ACTION ITEM | Look below for the line with "Luxe B Co - Wholesale"; begin the copy there and stop after the line with "Dental Tools Cbiumpro", keeping the text exact and the pictures out.

RECORDS FOR PROCESSING |
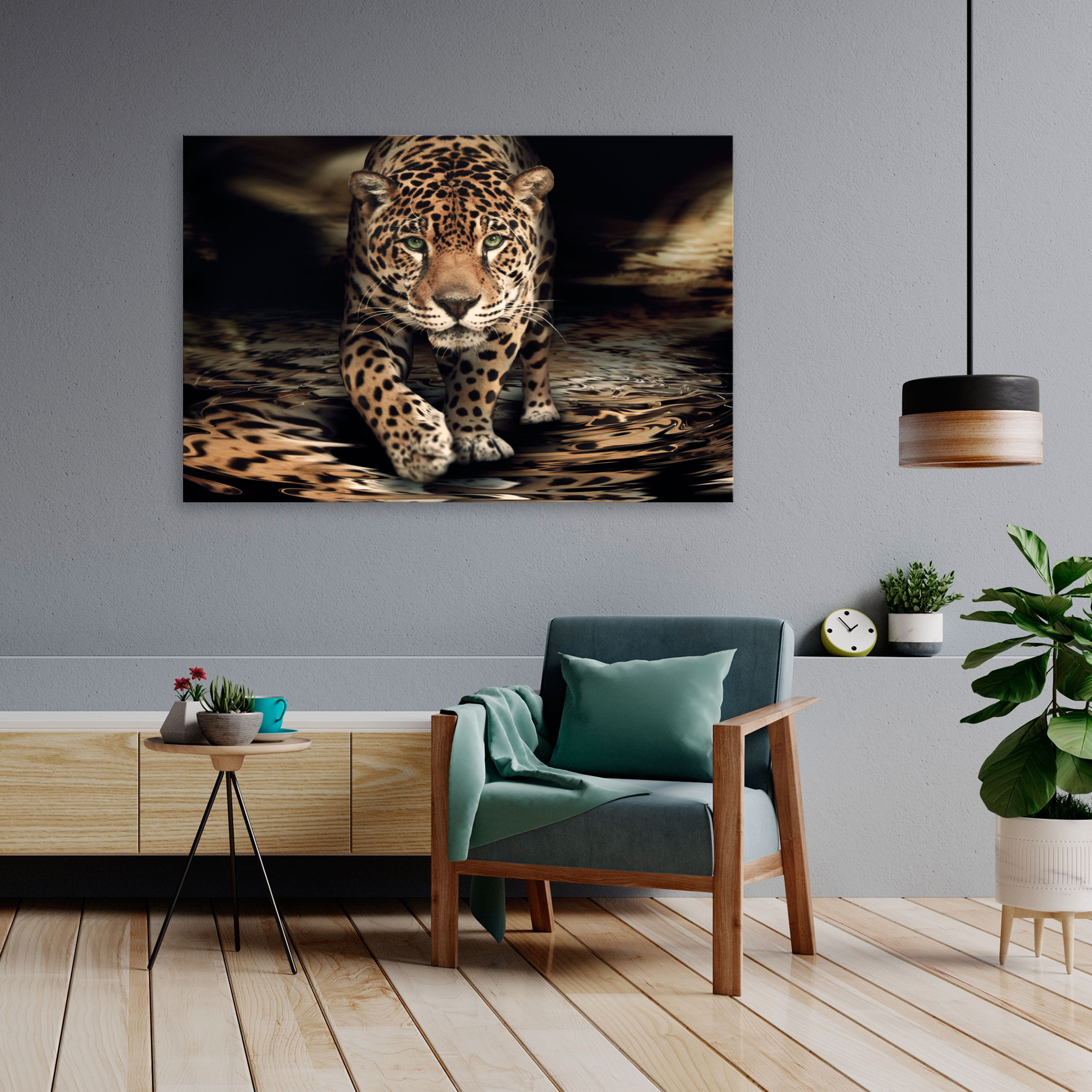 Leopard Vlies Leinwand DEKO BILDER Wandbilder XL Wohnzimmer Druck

* * *

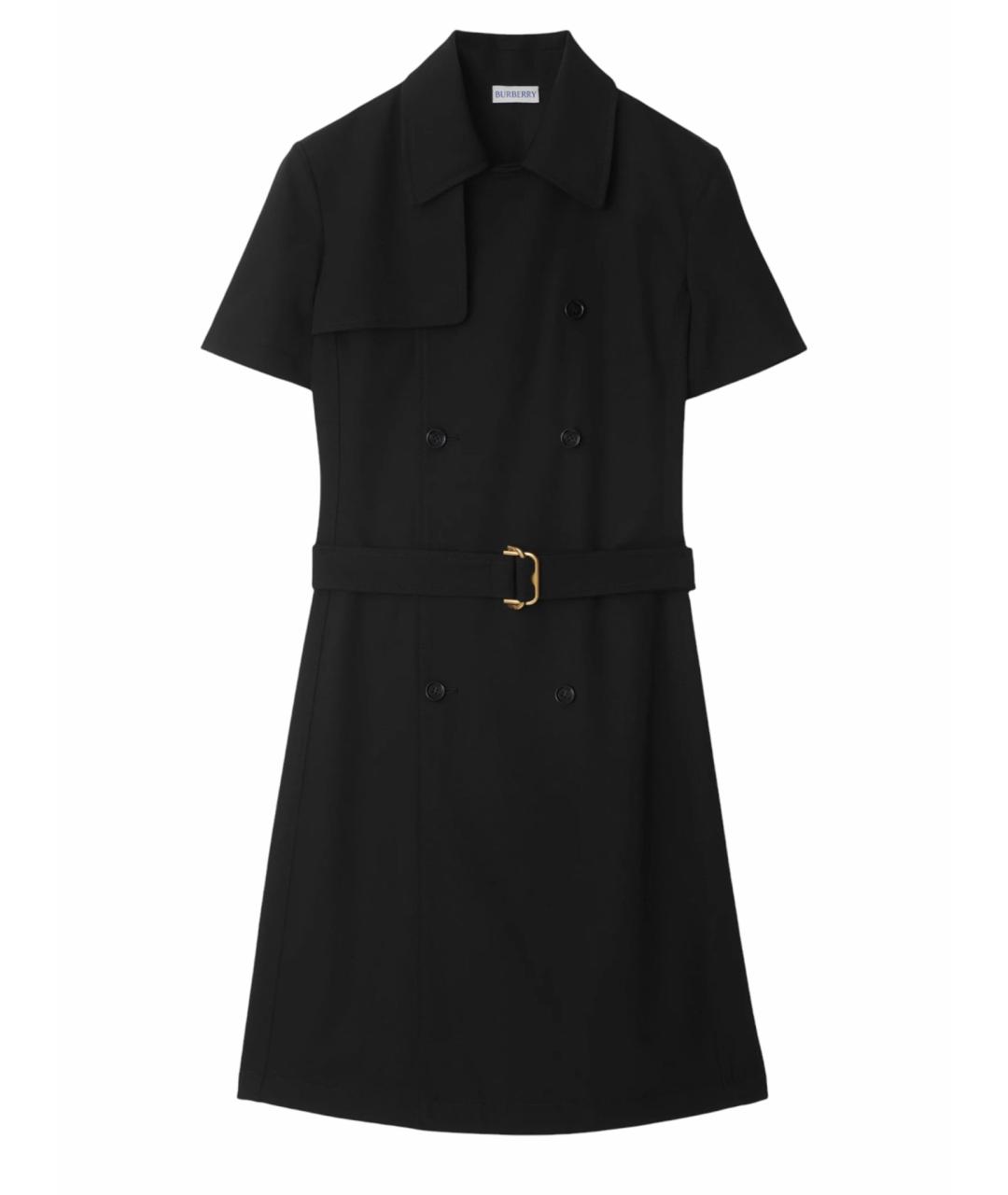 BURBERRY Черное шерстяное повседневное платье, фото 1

* * *

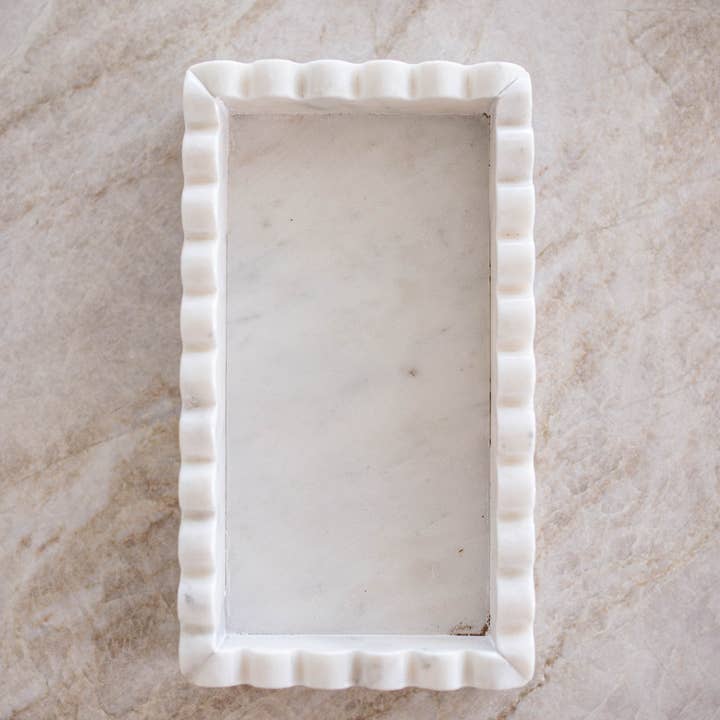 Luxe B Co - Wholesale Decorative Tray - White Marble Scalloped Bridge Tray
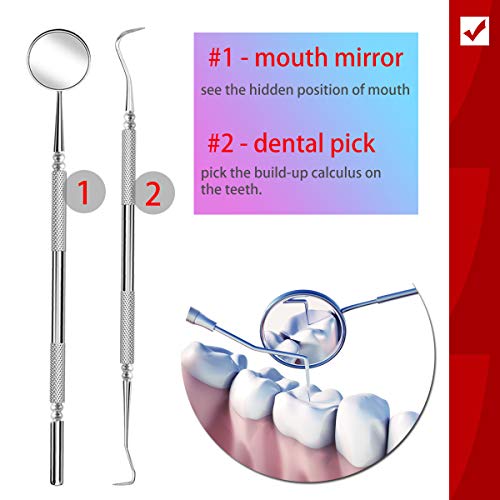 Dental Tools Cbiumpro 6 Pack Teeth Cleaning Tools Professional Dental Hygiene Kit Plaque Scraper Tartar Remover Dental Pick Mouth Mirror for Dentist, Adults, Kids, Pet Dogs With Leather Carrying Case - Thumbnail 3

ANSWER FOR THIS EXERCISE |
 Luxe B Co - Wholesale Decorative Tray - White Marble Scalloped Bridge Tray
 Dental Tools Cbiumpro 6 Pack Teeth Cleaning Tools Professional Dental Hygiene Kit Plaque Scraper Tartar Remover Dental Pick Mouth Mirror for Dentist, Adults, Kids, Pet Dogs With Leather Carrying Case - Thumbnail 3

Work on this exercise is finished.